Probate is not mandatory in Texas. Beneficiary designations, survivorship agreements, and joint accounts with rights of survivorship allow many assets to avoid probate, as these agreements pass outside the direction of a will. These are commonly called non-probate assets. However, real estate, bank accounts, motor vehicles, and closely held securities or original stock and bond certificates typically lack such will substitutes, and probate is often necessary to transfer title following death.

Death certificates are enough to collect most non-probate assets. The need for probate may not become apparent until the bank or another custodian requests “letters.” This refers to letters testamentary or letters of administration, which are issued by the probate court once a personal representative of the decedent’s estate has been appointed and has qualified by filing their oath and, sometimes, by also posting a bond.

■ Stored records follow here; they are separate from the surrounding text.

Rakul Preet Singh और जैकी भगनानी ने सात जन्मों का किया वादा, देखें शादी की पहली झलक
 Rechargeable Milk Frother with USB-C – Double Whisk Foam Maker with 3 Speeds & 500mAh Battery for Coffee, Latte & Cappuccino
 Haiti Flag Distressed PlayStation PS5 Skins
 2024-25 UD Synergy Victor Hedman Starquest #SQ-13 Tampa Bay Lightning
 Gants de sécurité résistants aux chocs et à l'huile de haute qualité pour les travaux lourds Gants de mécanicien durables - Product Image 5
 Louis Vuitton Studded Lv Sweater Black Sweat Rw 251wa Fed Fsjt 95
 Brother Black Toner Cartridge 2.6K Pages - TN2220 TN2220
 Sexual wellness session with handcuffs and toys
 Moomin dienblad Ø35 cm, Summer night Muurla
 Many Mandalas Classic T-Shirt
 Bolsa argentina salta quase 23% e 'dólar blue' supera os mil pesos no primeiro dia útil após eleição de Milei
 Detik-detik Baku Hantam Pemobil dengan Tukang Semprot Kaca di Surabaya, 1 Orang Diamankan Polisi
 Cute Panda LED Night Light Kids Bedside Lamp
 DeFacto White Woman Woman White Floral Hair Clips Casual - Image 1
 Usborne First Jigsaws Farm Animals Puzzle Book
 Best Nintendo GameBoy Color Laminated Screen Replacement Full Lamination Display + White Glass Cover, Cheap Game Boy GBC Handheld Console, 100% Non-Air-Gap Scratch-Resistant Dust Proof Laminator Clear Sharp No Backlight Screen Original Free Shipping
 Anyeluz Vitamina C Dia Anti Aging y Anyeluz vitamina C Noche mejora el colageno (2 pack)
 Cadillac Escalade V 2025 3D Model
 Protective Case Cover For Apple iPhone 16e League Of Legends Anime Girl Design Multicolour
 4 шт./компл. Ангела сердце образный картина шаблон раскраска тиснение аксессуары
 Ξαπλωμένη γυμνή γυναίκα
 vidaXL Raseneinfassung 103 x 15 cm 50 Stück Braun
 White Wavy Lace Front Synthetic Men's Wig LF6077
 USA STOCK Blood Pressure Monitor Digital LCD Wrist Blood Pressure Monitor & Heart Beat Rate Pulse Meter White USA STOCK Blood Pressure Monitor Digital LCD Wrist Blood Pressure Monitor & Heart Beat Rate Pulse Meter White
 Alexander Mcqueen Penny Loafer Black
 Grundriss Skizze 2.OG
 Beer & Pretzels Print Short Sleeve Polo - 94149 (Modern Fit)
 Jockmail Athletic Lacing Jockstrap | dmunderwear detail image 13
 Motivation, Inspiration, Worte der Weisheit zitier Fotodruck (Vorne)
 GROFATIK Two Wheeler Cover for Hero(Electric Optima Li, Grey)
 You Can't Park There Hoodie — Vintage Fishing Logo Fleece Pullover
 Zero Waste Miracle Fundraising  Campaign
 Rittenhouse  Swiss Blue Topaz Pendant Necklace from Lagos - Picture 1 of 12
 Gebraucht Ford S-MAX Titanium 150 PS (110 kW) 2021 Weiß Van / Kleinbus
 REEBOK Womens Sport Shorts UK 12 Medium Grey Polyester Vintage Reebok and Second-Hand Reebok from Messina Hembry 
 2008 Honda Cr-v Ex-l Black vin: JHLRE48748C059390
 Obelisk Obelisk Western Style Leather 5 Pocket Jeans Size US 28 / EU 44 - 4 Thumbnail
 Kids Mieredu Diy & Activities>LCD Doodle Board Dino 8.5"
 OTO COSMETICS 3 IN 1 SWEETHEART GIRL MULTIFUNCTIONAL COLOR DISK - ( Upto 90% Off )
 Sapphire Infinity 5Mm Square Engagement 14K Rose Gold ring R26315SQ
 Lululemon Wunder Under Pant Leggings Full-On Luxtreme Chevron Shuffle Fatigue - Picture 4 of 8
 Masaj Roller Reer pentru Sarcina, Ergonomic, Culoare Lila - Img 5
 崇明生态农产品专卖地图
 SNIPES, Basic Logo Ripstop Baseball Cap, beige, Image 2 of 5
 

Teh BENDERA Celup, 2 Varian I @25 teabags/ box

A request for letters is a custodian’s way of demanding probate. Unfortunately, it is not possible to probate only a single asset. Instead, once probate is authorized by the court, the executor or administrator is obligated to follow a comprehensive set of procedures designed to inform creditors and beneficiaries, resolve debts, and document a new tax basis in probate assets. Harris County requires almost all executors and administrators to use an attorney.

We do not offer fixed fee probate. We charge by the hour, with rates varying from $350 to $425 for associate attorneys, less for staff, and more for shareholders. We require an evergreen retainer, usually $5,000, but sometimes $10,000, depending on factors such as asset complexity, litigation, and foreign law.

To minimize fees, we provide detailed questionnaires in advance and encourage clients to complete as much as possible before our first meeting.